La Dra. Mead explicó que en el reino animal, si alguno se rompiera una pata, muere por varias razones: no puede huir del peligro, no puede ir a cazar para comer, no puede ir al río o al riachuelo a beber agua y, además, es presa fácil para los depredadores; ningún animal sobrevive con una pata rota por el tiempo suficiente que debería tener para que su hueso cure. La Antropóloga también indicó que el fémur encontrado había estado roto y cicatrizado, pues era evidente que alguien tuvo tiempo para quedarse con esa persona, curar su herida y cuidarla hasta que se recupere”.

El “Filósofo de La Encalada” me dijo: -Querido amigo, es en los tiempos difíciles donde podemos sacar a relucir aquello que Dios, a través de la naturaleza, nos ha regalado y esto es la “SOLIDARIDAD”. Un auténtico ser humano nunca dejará que el hermano perezca en la adversidad. Cuando el Papa Francisco fue elegido Papa, el Cardenal brasileño Claudio Hummes, que estaba a su lado, le dijo: -Jorge, no te olvides de los pobres.
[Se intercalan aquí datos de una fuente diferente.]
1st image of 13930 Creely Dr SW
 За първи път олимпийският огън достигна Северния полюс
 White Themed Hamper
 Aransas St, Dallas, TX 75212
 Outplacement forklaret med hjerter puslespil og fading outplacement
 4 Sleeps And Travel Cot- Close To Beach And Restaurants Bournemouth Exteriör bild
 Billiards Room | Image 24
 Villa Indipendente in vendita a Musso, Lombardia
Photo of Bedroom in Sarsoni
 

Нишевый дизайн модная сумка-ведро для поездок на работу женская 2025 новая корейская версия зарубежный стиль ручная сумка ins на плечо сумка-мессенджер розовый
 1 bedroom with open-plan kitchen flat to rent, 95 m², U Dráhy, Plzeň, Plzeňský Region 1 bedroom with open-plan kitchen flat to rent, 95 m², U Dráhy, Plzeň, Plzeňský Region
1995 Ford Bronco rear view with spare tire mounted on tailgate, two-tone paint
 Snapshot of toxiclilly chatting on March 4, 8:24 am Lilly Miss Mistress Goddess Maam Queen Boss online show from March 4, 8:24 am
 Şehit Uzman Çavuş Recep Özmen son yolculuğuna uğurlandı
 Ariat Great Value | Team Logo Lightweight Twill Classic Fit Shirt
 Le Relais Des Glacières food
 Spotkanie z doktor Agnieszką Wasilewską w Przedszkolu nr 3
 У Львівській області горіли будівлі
El Papa, en ese momento pensó en el nombre más apropiado para su pontificado: -Me llamaré “Francisco”.

Sean estos tiempos difíciles, no para hundirnos en la miseria humana, sino para potenciarla si es necesario hasta el heroísmo.

Hoy domingo, a las 10.00 a.m., desde la Capilla del Colegio San Agustín, transmitiremos la Santa Misa del Quinto Domingo de Cuaresma a través del facebook “Agustinos Perú”; si lees este texto después de la hora mencionada, esta Celebración Eucarística podrás seguirla, en cualquier hora del día, ingresando a nuestro facebook “Padre Pablo”.

“Nunca dejes a Dios fuera de tus proyectos, Él es la clave del éxito”.

Gracias por llegar hasta aquí. Hasta la próxima semana. ¡Que Dios nos bendiga!